Oscar’s father, Sir William Wilde, was an ear and eye doctor, and his mother, Lady Jane Francesca Agnes Elgee Wilde, was a writer, poet, and translator.
Oscar was profoundly affected by the death of his younger sister when she was ten years old, and for his lifetime he carried a lock of her hair sealed in a decorated envelope.
Wilde had two older half-sisters who died in an accident when their gowns caught fire after a ball.
In 1876 Oscar had a brief romantic affair with a girl named Florence Balcome, who later married Bram Stoker, the author of Dracula.
He and his wife Constance had two sons, Cyril and Vyvyan. (Really, Vyvyan?) Vyvyan later changed the spelling of his name to Vivian. (Who wouldn’t?) Except for the unfortunate name choice, Oscar was an attentive and loving father who spent lots of time with his sons.
When Wilde was arrested, convicted and sentenced to prison for “gross indecency”, Constance attempted to protect her sons from the scandal. She took the children to Switzerland and took the old family name of Holland for herself and the boys.
Oscar mostly spent the last three years of his life (after prison) wandering Europe, staying with friends and living in cheap hotels. Sad but true.
Oscar Wilde quotes:
“The public have an insatiable curiosity to know everything, except what is worth knowing.”
“The world is a stage, but the play is badly cast.”
“A thing is not necessarily true because a man dies for it.”
“A simile committing suicide is always a depressing spectacle.”
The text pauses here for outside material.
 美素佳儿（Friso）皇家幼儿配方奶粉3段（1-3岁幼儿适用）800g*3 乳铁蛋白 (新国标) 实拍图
“An idea that is not dangerous is unworthy of being called an idea at all.”
“Everything popular is wrong.”
“There is no such thing as a moral or an immoral book. Books are well written, or badly written.”
“Children begin by loving their parents; as they grow older they judge them; sometimes they forgive them.”
“Nowadays people know the price of everything and the value of nothing.”
What have you read of Oscar Wilde’s work? His plays are delightfully funny and witty, and The Picture of Dorian Gray is quite insightful in its own way, as long as one takes almost anything the characters say or do and turns it upside down to do or believe the opposite.